_Dataset items_
# # # # #

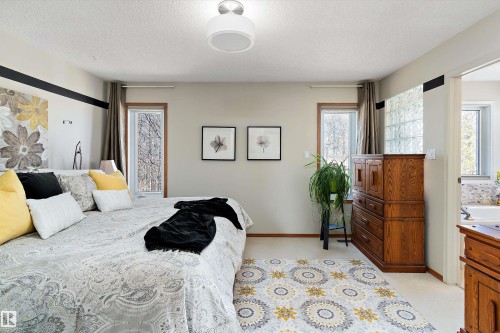 11328 173 Avenue, Edmonton, AB 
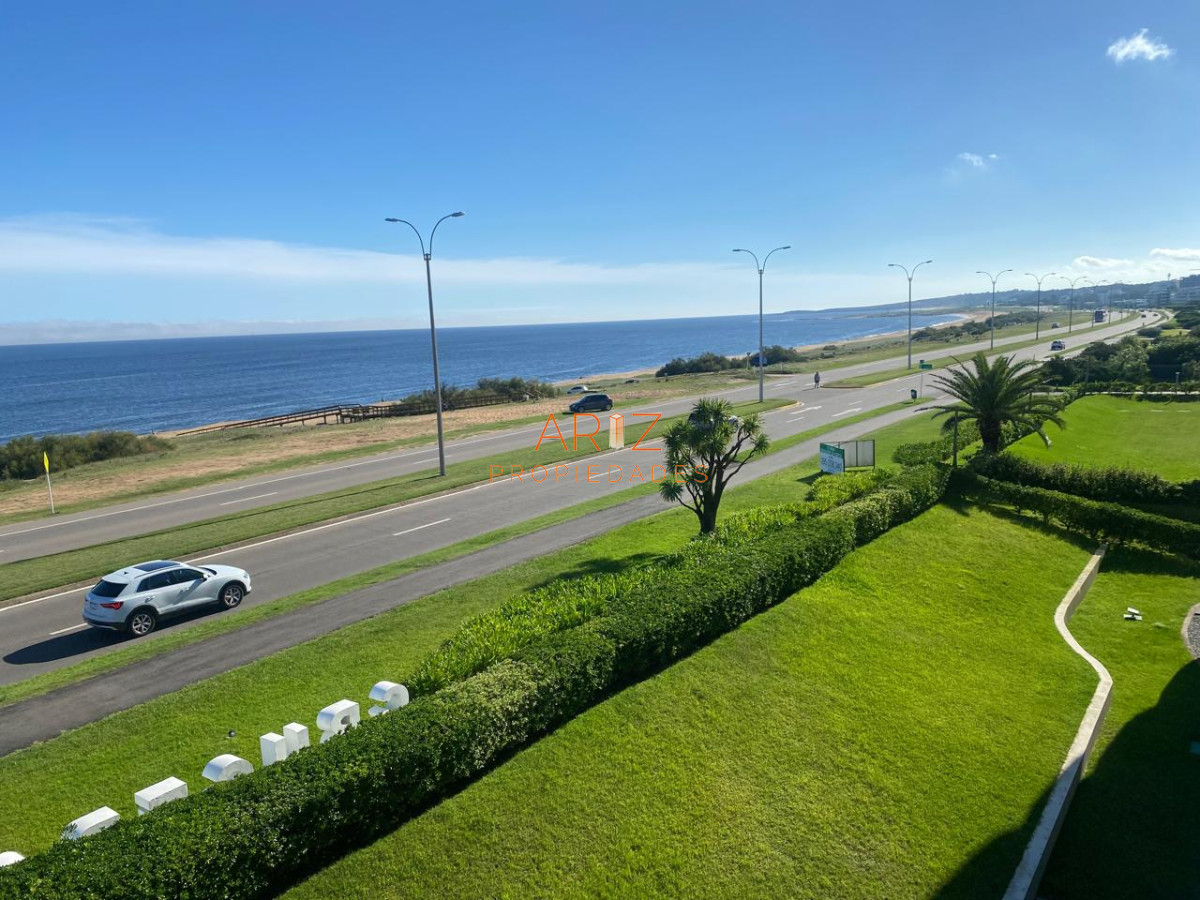 Apartamento ID.1981 - Apartamento 2 dormitorios y 2 baños playa mansa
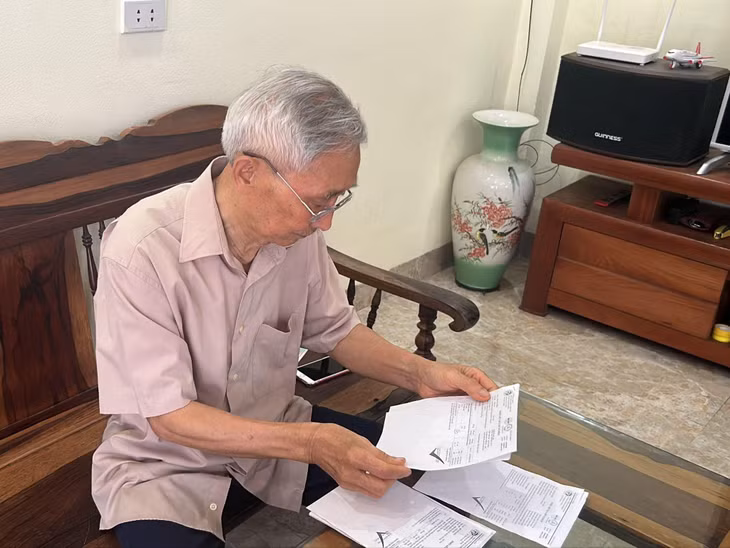 Giấy tờ xét nghiệm chẩn đoán bệnh suy thận của ông Uyên.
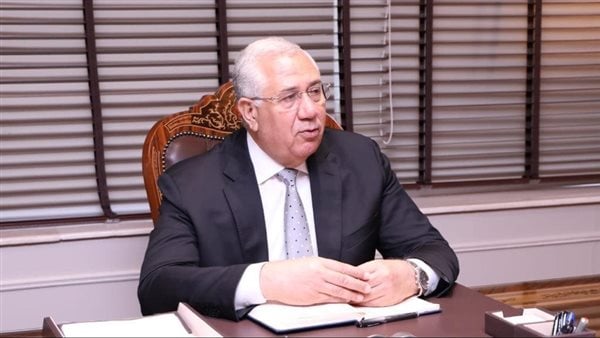 بحضور رئيس الوزراء.. وزير الزراعة يلقى كلمة خلال المائدة المستديرة حول برنامج «نُوَفِّــي»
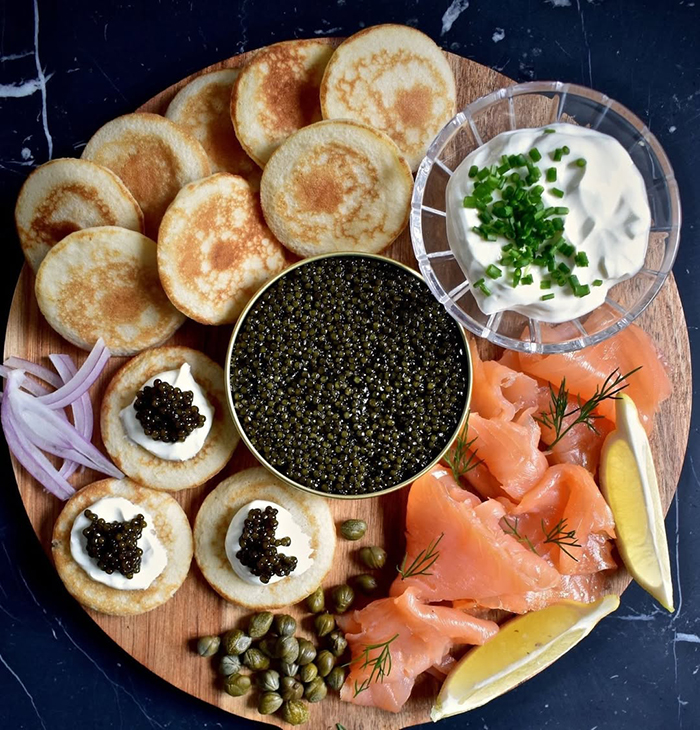 Blini - bánh kếp truyền thống trong ẩm thực Moscow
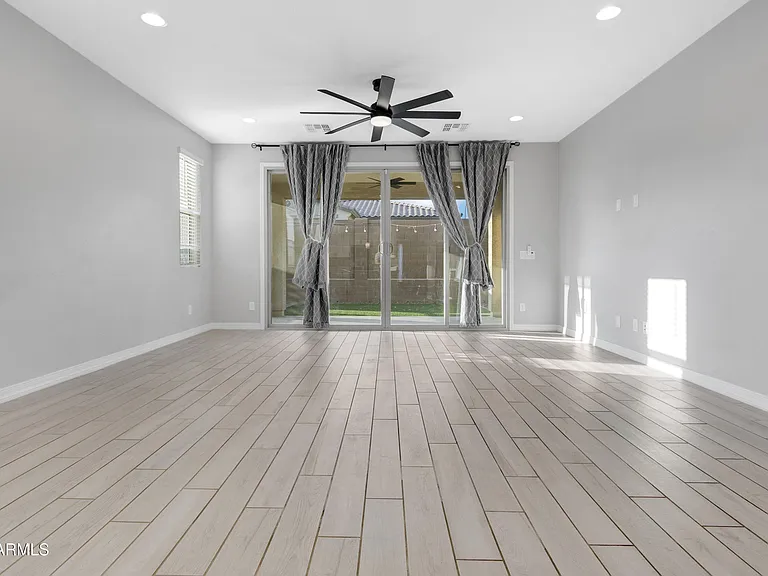 24194 W Whyman Ave — Photo 32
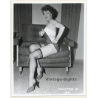 Irving Klaw: Slim Leggy Maid On Lounge Chair COUNTESS B-34 / Pin-Up - BDSM (Vintage Photo USA)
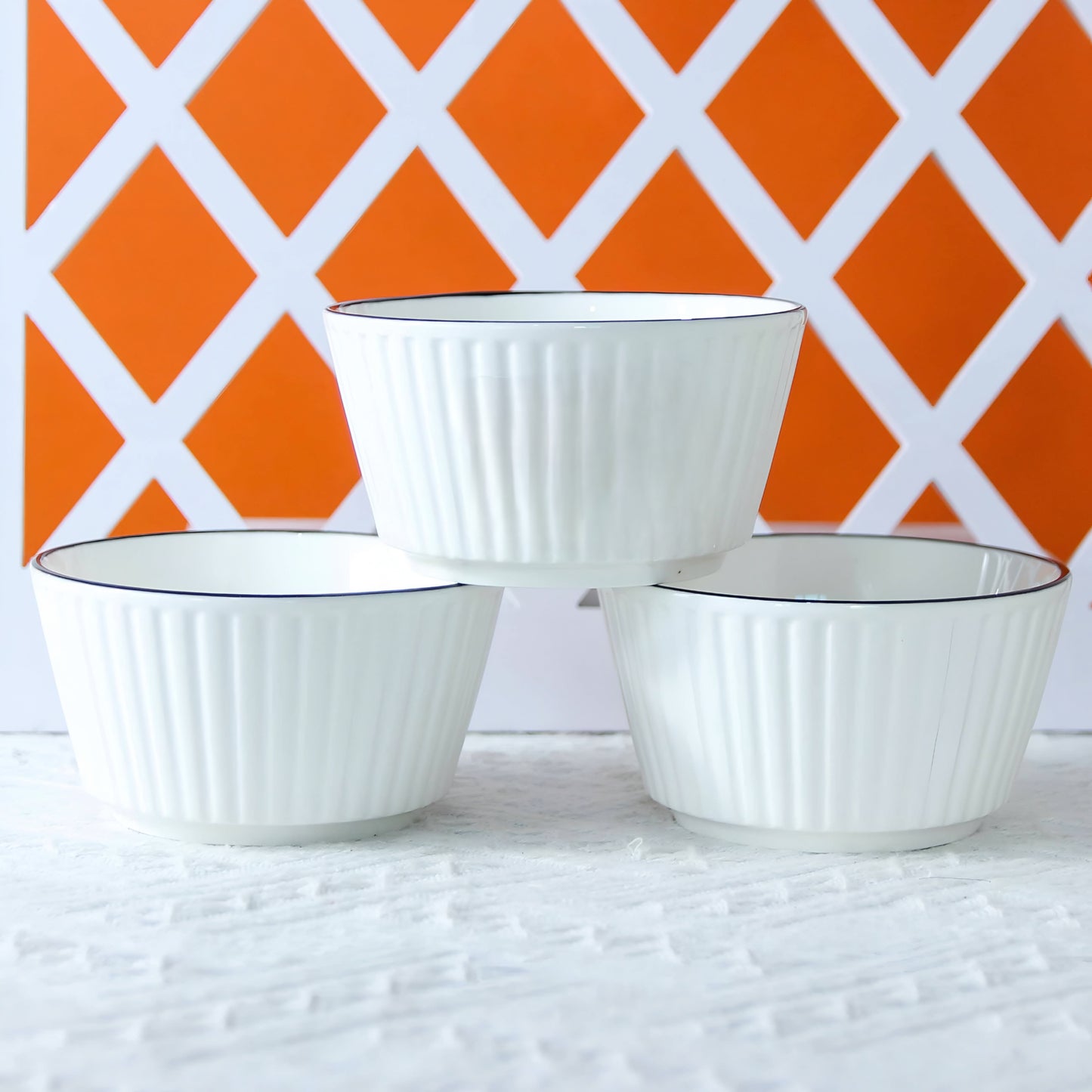 Black-edged Fluted White Ceramic American Bowl - 4.5 inch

# # # # #

_What is being asked_
Output only the lines that run from the line containing "24194 W Whyman Ave — Photo 32" to the last line of the data, exactly as they stand and without pictures.

_The answer_
 24194 W Whyman Ave — Photo 32
 Irving Klaw: Slim Leggy Maid On Lounge Chair COUNTESS B-34 / Pin-Up - BDSM (Vintage Photo USA)
 Black-edged Fluted White Ceramic American Bowl - 4.5 inch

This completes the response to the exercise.